Anthrax disease, caused by Bacillus anthracis, is a highly lethal infection with patient fatality rate between 45-85% during fulminant, toxemia-related late-stages of infection. Systemic release of anthrax edema toxin during late-stage infection induces vascular collapse through endothelial barrier disruption, culminating in fatal hypovolemic shock, a hallmark of systemic anthrax infection. Existing therapeutic strategies to mitigate the effects of anthrax infections only target early-stage infection vis-à-vis bacterial clearance (antibiotics) and toxin-host cell interactions (anti-toxin antibodies), but are ineffective in preventing toxemic-shock which is induced even after pathogen clearance. In fact, patients with fulminant infection require aggressive, continuous fluid drainage and assisted breathing, and no effective therapeutic interventions exist currently for this critical stage of infection. Pathogen induced cell-cell barrier disruption (anthrax, cholera, traveler’s diarrhea, gastroenteritis, pertussis, pneumonia) account for significant socio-economic impacts each year. Stand-alone antitoxin therapies such as those mentioned here can fulfill the unmet medical need for measures that significantly improve the survival rate of patients with severe infections, and lower the risk for development of antibiotic resistance.

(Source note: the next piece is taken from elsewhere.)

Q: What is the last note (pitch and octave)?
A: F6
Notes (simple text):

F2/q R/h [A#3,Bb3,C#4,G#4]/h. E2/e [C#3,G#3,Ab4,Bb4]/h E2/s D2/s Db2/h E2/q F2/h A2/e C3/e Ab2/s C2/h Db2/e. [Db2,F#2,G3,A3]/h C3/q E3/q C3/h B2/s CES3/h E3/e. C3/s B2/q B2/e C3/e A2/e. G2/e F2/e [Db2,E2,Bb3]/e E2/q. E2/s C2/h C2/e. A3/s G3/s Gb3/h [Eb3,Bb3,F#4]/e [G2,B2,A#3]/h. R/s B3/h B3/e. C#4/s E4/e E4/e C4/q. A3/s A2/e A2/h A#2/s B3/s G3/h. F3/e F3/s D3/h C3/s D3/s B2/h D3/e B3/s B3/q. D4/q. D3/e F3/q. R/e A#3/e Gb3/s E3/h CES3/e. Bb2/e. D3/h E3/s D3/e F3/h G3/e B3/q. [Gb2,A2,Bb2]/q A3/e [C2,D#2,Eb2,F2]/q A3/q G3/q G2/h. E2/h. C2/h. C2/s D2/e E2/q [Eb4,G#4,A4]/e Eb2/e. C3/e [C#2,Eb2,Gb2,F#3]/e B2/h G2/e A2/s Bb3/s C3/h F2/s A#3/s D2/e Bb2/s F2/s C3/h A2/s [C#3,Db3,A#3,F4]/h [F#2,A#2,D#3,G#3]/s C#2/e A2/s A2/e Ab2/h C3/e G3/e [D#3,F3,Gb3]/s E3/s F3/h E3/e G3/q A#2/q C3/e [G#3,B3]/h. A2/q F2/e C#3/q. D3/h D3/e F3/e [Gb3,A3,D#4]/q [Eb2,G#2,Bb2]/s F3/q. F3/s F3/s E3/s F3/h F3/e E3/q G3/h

High fatality rate of anthrax infections, despite intense antibiotic and supportive therapies, are primarily due to the continuing activities of anthrax exotoxins (ET and LT) released in the patient's circulatory system. Edema toxin or ET, a highly active adenylate cyclase that induces uncontrolled, pathological elevation in cellular levels of the second messenger cAMP is a major virulence protein of Bacillus anthracis and mediates significant lethality during fulminant stages of infection. ET induces rapid disruption of the endothelial barrier, resulting in irreversible tissue damage and lethality due massive fluid loss resulting in cardiovascular collapse and hypovolemic shock. It is therefore imperative that new therapeutic measures be developed that effectively blocks the intracellular function of ET (i.e. cellular proteins/pathways co-opted to induce barrier instability), to reduce fatalities associated with anthrax toxemia.

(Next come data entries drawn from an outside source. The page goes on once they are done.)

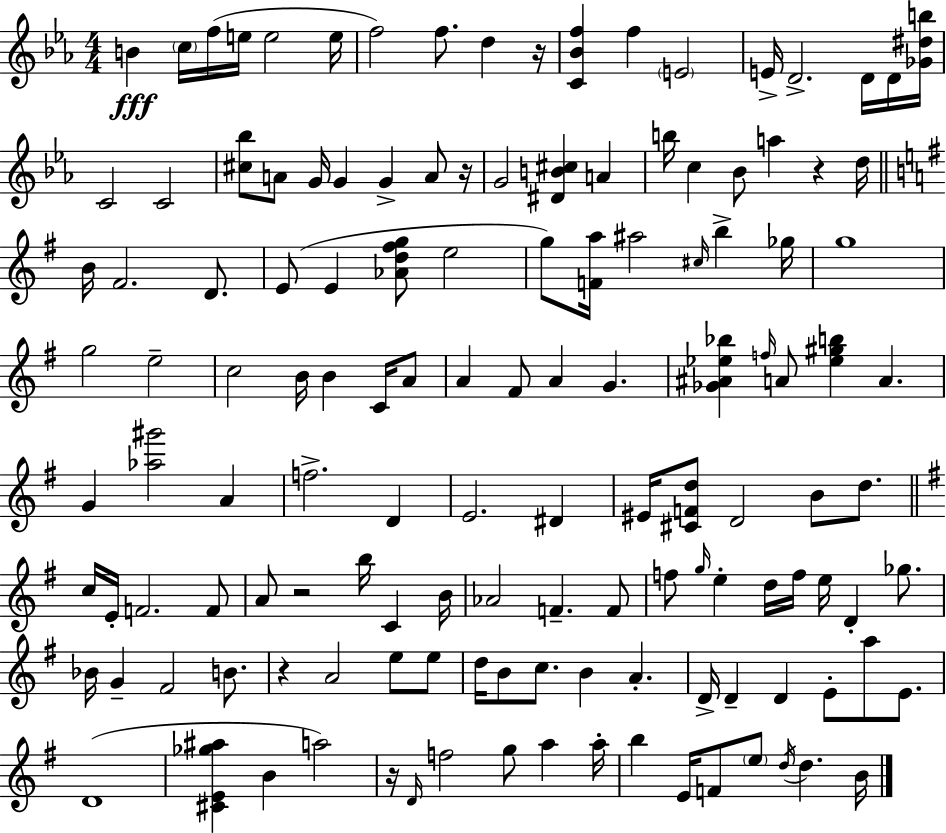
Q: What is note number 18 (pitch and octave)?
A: A4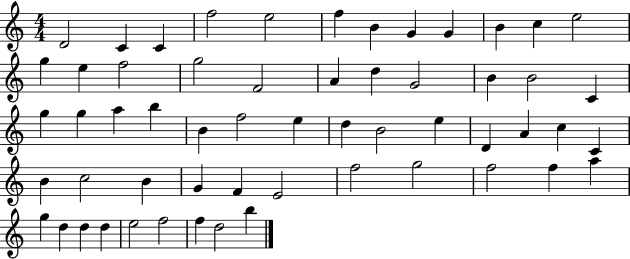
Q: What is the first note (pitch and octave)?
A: D4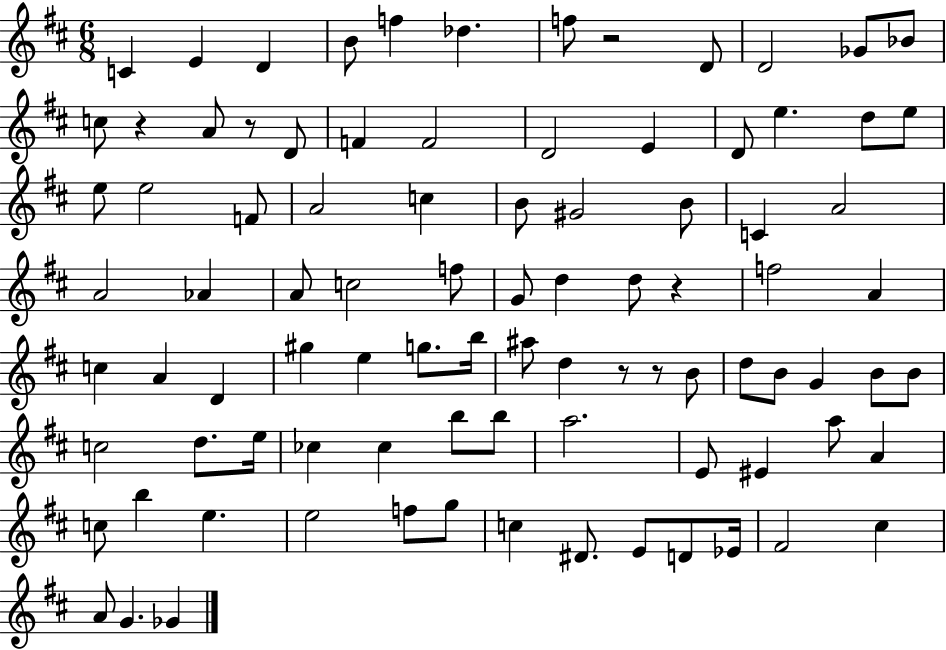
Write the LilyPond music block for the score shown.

{
  \clef treble
  \numericTimeSignature
  \time 6/8
  \key d \major
  c'4 e'4 d'4 | b'8 f''4 des''4. | f''8 r2 d'8 | d'2 ges'8 bes'8 | \break c''8 r4 a'8 r8 d'8 | f'4 f'2 | d'2 e'4 | d'8 e''4. d''8 e''8 | \break e''8 e''2 f'8 | a'2 c''4 | b'8 gis'2 b'8 | c'4 a'2 | \break a'2 aes'4 | a'8 c''2 f''8 | g'8 d''4 d''8 r4 | f''2 a'4 | \break c''4 a'4 d'4 | gis''4 e''4 g''8. b''16 | ais''8 d''4 r8 r8 b'8 | d''8 b'8 g'4 b'8 b'8 | \break c''2 d''8. e''16 | ces''4 ces''4 b''8 b''8 | a''2. | e'8 eis'4 a''8 a'4 | \break c''8 b''4 e''4. | e''2 f''8 g''8 | c''4 dis'8. e'8 d'8 ees'16 | fis'2 cis''4 | \break a'8 g'4. ges'4 | \bar "|."
}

Researchers at UC San Diego have an invention and method that provides a treatment wherein the condition is caused by anthrax, cholera, traveler’s diarrhea, gastroenteritis, pertussis, or pneumonia.
The application would include the administration of an inhibitor(s) which would treat the cell-cell barrier disruption-associated condition.
In vivo experiments have been conducted in mice.
The invention is patent pending and available for licensing.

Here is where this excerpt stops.